Arthur MacEachern has retired as Skipper of the Jura ferry after a remarkable career spanning over 36 years. He and his colleague Alasdair Campbell first operated the run when Western Ferries bought the ferry rights from the legendary 'Gordie' MacPhee in September 1968. The boat then servicing the island was the 'Rothesay Castle', which was little more than an open launch.Western Ferries had by then commenced their revolutionary 'roll-on-roll-off' service to Islay and wished to extend their reach on to Jura. The company had developed the idea first undertaken by Eilean Sea Services which was to provide a ferry capable of taking heavy goods vehicles without their first having to be unloaded and their contents winched aboard cargo ships or puffers using a crane.
It is easy to forget in our modern world of big ro-ro car ferries that just 40 short years ago every motor car, indeed every item of freight, arrived on Islay dangling from the end of a rope. The Eilean Sea Services venture ended in tragedy however when their landing craft style boat rolled over in heavy seas and three lives were lost. Western Ferries assumed the mantle and purchased the old Eilean Sea Services ferry, re-named her 'The Sound of Gigha', and introduced her on to the Jura run in March 1969. She was to remain in service until 1998. Arthur was her skipper throughout this period and recalls operating five runs a day and charging passengers two shillings and sixpence to cross to the island with cars costing nine shillings.
Arthur and his employers were much more enterprising than the current operators on the route and chartered their boat out at night for a variety of different uses. The 'Sound Of Gigha' with Arthur at the helm would set off to Rathlin Island with a new GPO telephone exchange, or to Gigha with the Electricity Board every time the scallop dredgers trawled through and broke the sub-sea electricity supply to the island, which was often. They took furniture to Lismore, building supplies to Iona, brought cattle from Oronsay and had a regular run to Gigha to collect cheese from the island dairy which was brought back to Islay for onward distribution to the mainland.
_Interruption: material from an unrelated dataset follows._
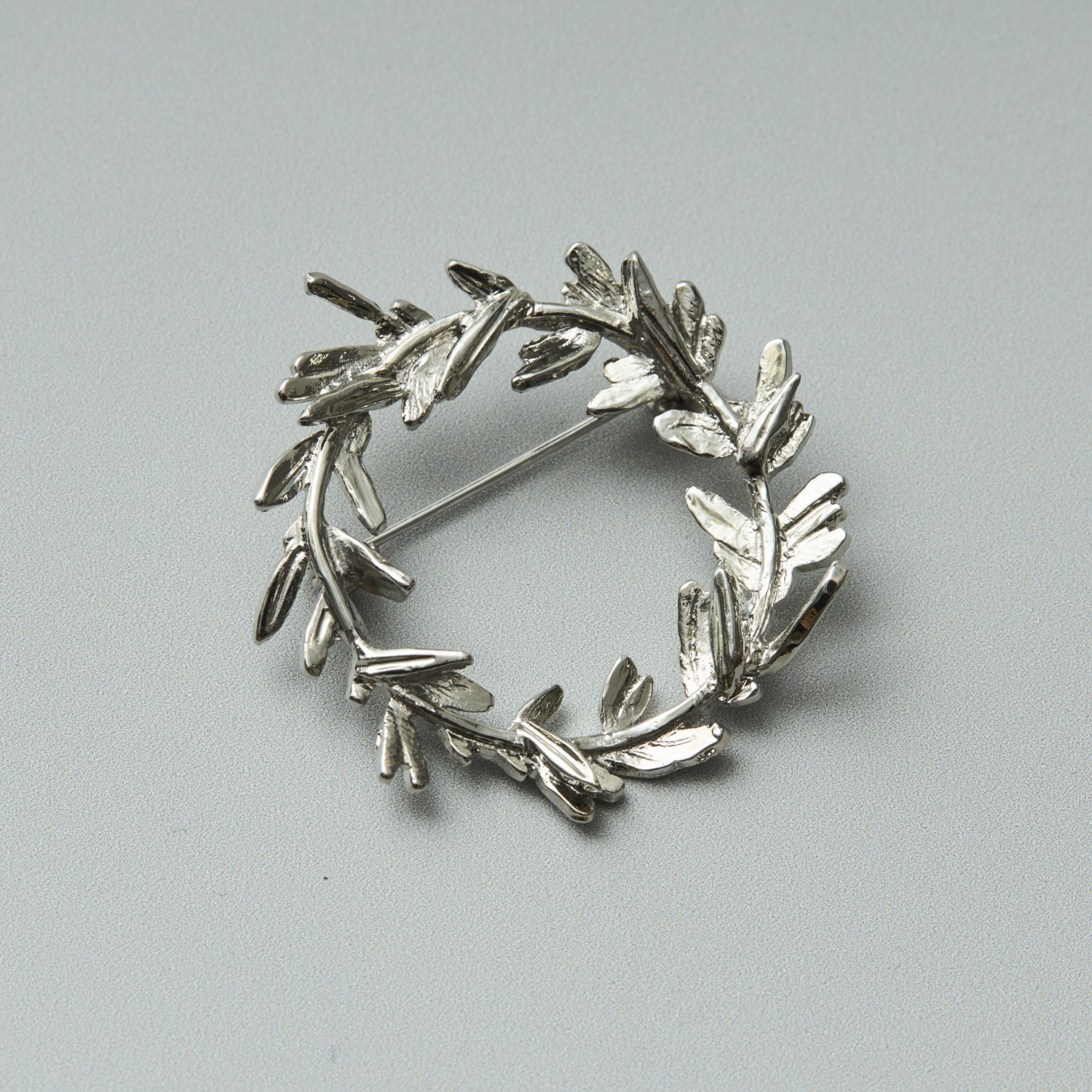 Ouca/リーフ+淡水パールブローチ サークル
There were years of enjoyable voyages up West Loch Tarbert on Jura with boatloads of army cadets who would storm the beaches carrying rifles bigger than themselves while making lots of satisfactory bangs. One black night saw a rendezvous with a 'Sir Galahad' style landing craft in the Sound of Jura. Seventy Marine Commandos came aboard Arthurs ferry and he delivered them to beaches all along the east coast at night, where they disappeared to fight the mock battles that make the Scottish Regiments the best in the world whenever they are called to the real thing. All those days are gone now, and Jura has a new ferry, the 'Eilean Dhiura' commissioned by Argyll and Bute Council in 1998. Arthur MacEachern successfully introduced the new ship, but one detects an added twinkle in his eye when he talks of the old days and the old ways and men who would come down to the pier to sit and swop stories. He has contributed a huge amount to what is still unfortunately largely an oral tradition on Islay and Jura and he expresses a wish that one day someone will be able to write it all down before it is lost for ever.